パネルを折りたためても、コスト20万―30万円という現実
製造装置と材料から見えてくる有機ELの課題

ジャパンディスプレイが試作した曲がる有機ELディスプレー

 フラット・パネル・ディスプレー(FPD)製造装置市場は、旺盛な投資が続き、3年連続で売り上げが成長している。中国の大型液晶パネル向けが増えていることに加え、高精細スマートフォン向けの中小型パネル工場が相次いで立ち上がっているのが主な理由だ。中国では低温ポリシリコン(LTPS)液晶向けに装置の納入が進んでいる。

 同時に多くのメーカーが、小型有機エレクトロ・ルミネッセンス(EL)ディスプレー工場への投資を計画している。2017―19年は投資の半分以上が有機EL向けになるのではないか。この旺盛な投資は17―18年にピークを迎え、19年頃から落ち着くと予測しているが、懸念されるのは過剰投資だ。

 現状、唯一の有機ELパネルメーカーである韓国サムスンディスプレイの投資計画では、年間5億―6億枚のパネルを生産できるようになる見通し。これだけでも需要は十分にカバーできる見込みだ。19年頃に中国メーカーの工場が立ち上がっても、競争力を出せるかは疑問だ。この時点で次の投資を見直すことになるだろう。

 現在の投資の中心は、フレキシブル性能を実現するプラスチック基板有機ELパネルだ。発光層をプラスチック基板に塗布する際の支持基盤となるガラス基板からの剥離工程が難しいほか、薄膜トランジスタ(TFT)回路など駆動回路が複雑で、最先端技術が必要になっている。

 有機ELでは当面、さまざまなバックプレーン(駆動回路)技術も登場するだろう。中国メーカーがIGZO(酸化物半導体)に興味を持っているほか、ブイ・テクノロジーはTFTを局所的に結晶化する技術を開発している。

 量産段階に到達するかは不透明だが、LTPS液晶とIGZOを組み合わせたLTPO技術も開発されている。有機半導体やLTPS液晶の新技術など、基盤技術が増えて複雑になっている。10―20年後に何が残るかは見えない。

 プラスチック基板有機ELでは封止技術も重要だ。有機材料は酸素や水に弱い。有機および無機層を重ねて封止膜を形成しているが、これではパーティクル、厚み、柔軟性、生産性、コストなどの問題が生じてしまう。最先端の技術で層の数を減らす方向に進んでおり、有機層を塗布するためにインクジェットの採用が増えそうだ。
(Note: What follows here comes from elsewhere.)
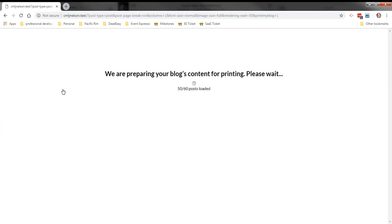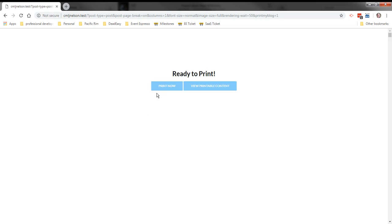Wait a while as it loads your posts. If you have hundreds of posts this can take a few minutes. Click print now.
 有機ELには製造技術面での課題が多い。装置以上に材料開発による所も大きい。また最大の課題はコストだ。フレキシブルだから価値を出せると言われるが、9・7インチのパネルを折りたたんで5インチにできるとして、そこに20万―30万円払う価値があるか。

 それだけの価値を出せる技術が生まれれば生き残るかもしれないが、結局はコストを下げることが欠かせなくなる。

(文=チャールズ・アニス・IHSテクノロジーシニアディレクター)
日刊工業新聞2016年10月20日
政年佐貴惠
政年佐貴惠 Masatoshi Sakie 名古屋支社編集部 記者
有機ELでは材料開発も重要なポイントの一つ。青色材料の長寿命化や、封止材の改良、有機材料の劣化防止、輝度向上など課題は多い。フレキシブルにするのなら、表面を保護するコート材も重要だ。最近では化学メーカーも有機EL向けの開発を加速している。パネルメーカーと化学メーカーのより一層の連携が必要だろう。日本は材料技術を得意とする。その真価を発揮して革新的な有機ELパネルを開発し、少しでも局面を変えてほしい。